ぼくが今まででいちばん愛読してきたギャグマンガは「クマのプー太郎」(1990-94年、小学館)だ。当初の単行本で全5巻保管しており、大げさでなく全ネタおぼえるだけ読んだ。学生時代の友人にぼくと同じレベルのファンが1人いて、今でもたまに会うとクマプーから引用したギャグを交わすのが習慣になっている。

4コママンガにおける笑いを大別すると、いわゆる起承転結に則ってサゲる伝統的なものと、早い段階でアイディアを明かし惰性で笑わせつづける変則的なものとがあるが。中川先生は特に後者のセンスが天才的で、惰性どころか更に4コマ目に向かって笑いの温度を上げていくのだ。

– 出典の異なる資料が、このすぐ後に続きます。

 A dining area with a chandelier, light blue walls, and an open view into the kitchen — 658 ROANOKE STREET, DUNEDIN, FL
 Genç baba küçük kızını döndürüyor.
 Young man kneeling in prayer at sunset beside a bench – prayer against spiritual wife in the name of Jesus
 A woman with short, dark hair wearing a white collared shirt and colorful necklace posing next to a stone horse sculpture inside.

たとえば「壁に耳ありショージとメアリー」というネタがある。

タイトル出てきた時点で、そりゃ笑うでしょ。おもいっきりダジャレだ。部屋の壁にそれぞれの耳がくっついてるカップルが不自由に過ごす光景を儀礼的に4コマ使って描いている。4コマも要らない、つうか1コマでもいいくらいだろう。それでも残りの3コマで無理やり物語を広げてゆく感じが、とぼけた絵と相まって可笑しくてしょうがない。中川先生の絵がきちんと褒められているのを見聞したことはないのだけど素晴らしいと思う。ギャグマンガとしては一種の理想だ。笑いにガツガツした絵柄は品がないし、キャラに情がうつっているような絵柄だと生ぬるい。ほどよく品があって情が薄いおかげで、ギャグとの親和性が高いのである。ショージとメアリーもほどよくマヌケな顔をしていた。

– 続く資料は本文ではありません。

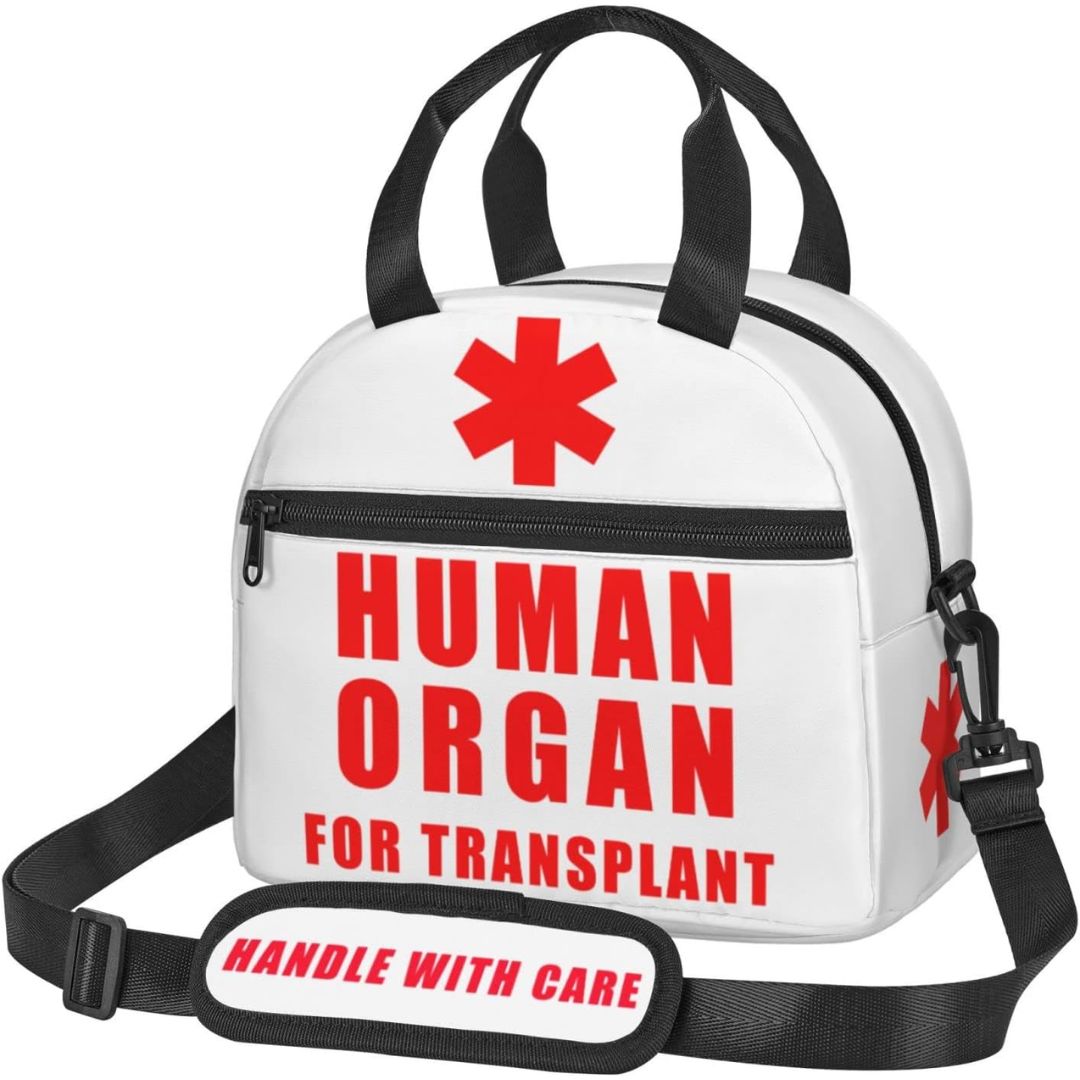 White insulated lunch bag with black handles and strap, featuring a red medical star and the text 'HUMAN ORGAN FOR TRANSPLANT' on the front, plus a matching 'HANDLE WITH CARE' patch on the strap.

クマプーが青年誌連載でありながら女性層も獲得できたのは、2000年代のゆるキャラブームを先取りしていたレギュラーキャラの魅力によるところが大きいのだろう。些細な幸せを探す「野ウサギ」、マイクをもって出現する「カラオケザル」、具体的な名前がない「双子の兄弟」などが代表的なところである。

しかし実のところ、キャラたちの登場は保険のような役割だった。クマプーのネタは使い切りだ。よく思いつくなと唸るものもたった4コマで葬られている。当然ショージとメアリーもだ。おそらくネタにちょっと困ったときに、お約束ネタをもつキャラたちに加勢してもらっていたのだ。あくまで主役はギャグそのもの。このことは中川いさみ全作品に共通している。連載後半で新キャラ登場のペースが加速していったのは週刊連載の賜物というわけである。

キャラ人気を安易に受けとめて制作されたアニメ版のクマプー(95~96年放映)は、残念ながら幼児番組が多少ねじれた程度の出来となり短命に終わった。中川先生の笑いを先生以外の手で完全再現できるのなら、是非また誰か挑戦してみてほしい。